In this chapter, we provide a general overview of the concepts of programming language design (such as syntax, semantics and pragmatics) and discuss the various implementation options (compiler, interpreter, etc.). We then discuss the evolution of programming languages. We identify the features of a good programming language. We also examine the consequences of the dramatic increase in the number of novel programming languages, how that explosion has affected the principles of computer programming and what historical and methodological categories the large number of languages can be grouped into. Finally, we analyze how external factors, such as programming and communication environments, have shaped the development of programming languages.

There are thousands of high-level programming languages, and new ones continue to emerge. However, most programmers only use a handful of those languages during their work. Then why are there so many languages?

There are several possible answers to that question:

• Evolution of programming paradigms. Programming languages and the principles behind them are being continuously improved. The late 1960s and the early 1970s saw the revolution in "structured programming".

In the late 1980s the nested block structure of languages such as Pascal began to give way to the object- oriented structure of C++ and Eiffel.

• Different problem domains. Many languages were specifically designed for a special problem domain. For example, LISP works well for manipulating symbolic data and complex data structures. Prolog is suitable for reasoning about logical relationships between data sets. Most of the programming languages can be used successfully for a wide range of tasks, but some of them are better than others in solving specific problems.

• Personal preferences. Different people like different things. Some people like to work with pointers, others prefer the implicit dereferencing of Java, ML, or LISP.

• Expressive power. The expressive power of a language is the spectrum of ideas that can be expressed using the given language. Though this could, in theory, be an important basis for comparison, the majority of languages are all suitable for implementing any algorithm (a feature closely related to Turing completeness).

Therefore, the expressive power of the various languages is mostly equivalent.

• Easy to learn. The success of Basic was in part due to its simplicity. Pascal was taught for many years as an introductory language because it was very easy to learn.

• Ease of implementation. Basic became successful not only because it was easy to learn but also because it could easily be implemented on smaller machines with limited resources.

• Standardization. Almost every language in use has an official international standard, or a canonical implementation. Standardization of the language is an effective way of ensuring the portability of the code across different platforms.

(19)

• Open source. Many programming languages have open source compilers or interpreters, but some languages are more closely associated with freely distributed, peer-reviewed, community-supported computing than others.

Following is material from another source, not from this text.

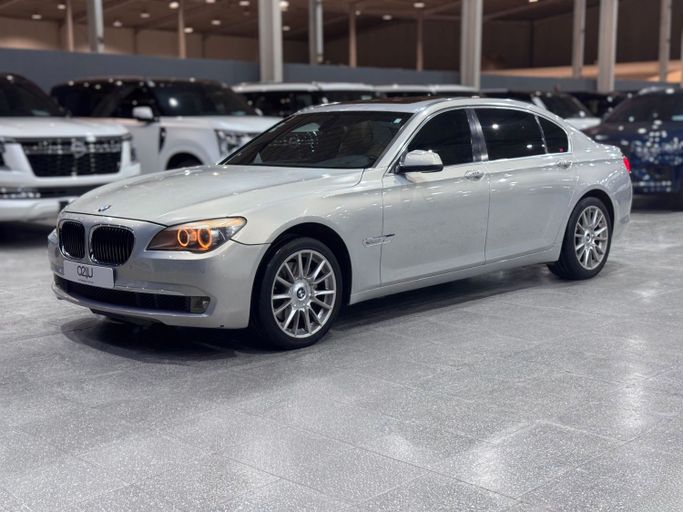 مستعملة BMW 7 Series 740Li ت (ف01/ف02/ف04), 3.0 l, 2012 في في المملكة العربية السعودية, الرياض من Automobile For You، اللون فضي. أخرى | AUTO.AE | إعلان #247096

• Excellent compilers. Fortran owes much of its success to extremely good compilers. Some other languages (e.g. Common Lisp) are successful, at least in part, because they have compilers and supporting tools that effectively help programmers.

• Patronage. Technical features are not the only relevant factors, though. Cobol and Ada owe their existence to the U.S. Department of Defense (DoD): Ada contains a wealth of excellent features and ideas, but the sheer complexity of implementation would have killed it without the DoD backing. Similarly, C# probably would not have received the same attention without the backing of Microsoft.

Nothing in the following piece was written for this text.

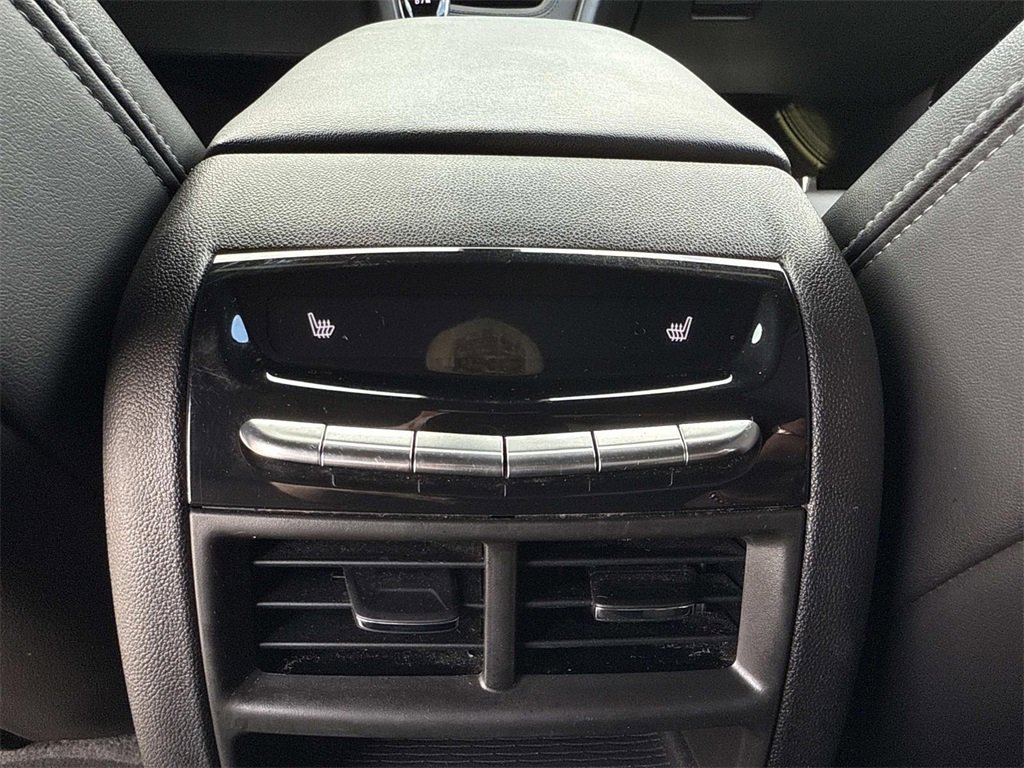 Used 2023 Cadillac XT5 Premium Luxury image 28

Clearly no single factor determines whether a language is "good" or "bad". Therefore, the study and assessment of programming languages requires a careful look at a number of issues [Scott, 2009].

2.1. 1.1 Programming languages: syntax, semantics, and pragmatics

Programming languages are artificial formalisms designed to express algorithms in a clearly defined and unambiguous form. Despite their artificial nature, they nevertheless fully conform to the criteria of a language.

Programming languages are structured around several descriptional/structural levels [Horowitz, 1994]. Three such levels discussed below are syntax, semantics and pragmatics [Gabbrielli and Martini, 2010].

• Syntax describes the correct grammar of the language, i.e. how to formulate a grammatically correct phrase in the language.

• Semantics defines the meaning of a syntactically correct phrase, i.e. it gives meaning and significance to each phrase of the language.

• Pragmatics determines the usefulness of a meaningful phrase of the language, i.e. it defines how to use the given phase for a useful purpose within the program.

The three structural levels can be illustrated in the assignment let year = 2013. At the syntax level, the question is whether this formula is grammatically correct (let us assume that it is). At the level of semantics, the question is what this phrase means (in this case, the meaning is that the value of the variable year is set to 2013). At the level of pragmatics, the question is what this assignment is used for (e.g. to calculate, by using another formula, the remaining value of a mortgage at the end of year 2013).

As programming languages are bona fide languages, their structural levels are very similar to those of natural languages. Indeed, a novel written in a natural language can be analogous to a program written in a programming language. At the syntax level, "fishes swim in the ocean" and "suitcases drive pine trees" are both correct. Yet, at the level of semantics, the latter one is wrong due to the lack of an appropriate meaning. At the level of pragmatics, the former sentence would make sense as part of a story on a little mermaid but it would most likely not fit into a technical guide on how to survive for a week in the Saharan desert.

In technical terms, syntax defines how programs are written and read by programmers, and parsed by computers. Semantics determines how programs are composed and understood by programmers, and interpreted by computers. Finally, pragmatics guides programmers in how to design and implement programs in real life [Watt, 2006].

In the following sections, we will discuss each of the above structural levels of programming languages in more detail.

2.1.1. 1.1.1 Syntax

As mentioned above, syntax in principle corresponds to the grammatical rules of the language. Like natural languages, programming languages are also sets of characters (symbols) of a predefined alphabet. At the lowest level, syntax requires definitions of the sequences of characters that constitute the smallest logical units (words

(20)

or tokens) of the language. Once the alphabet and the words have been defined, syntax describes which sequences of words constitute legitimate phrases, the smallest meaningful units of the language. At a higher syntactic level, strings of those phrases combine into sentences or statements, which are then again combined into program modules or entire programs.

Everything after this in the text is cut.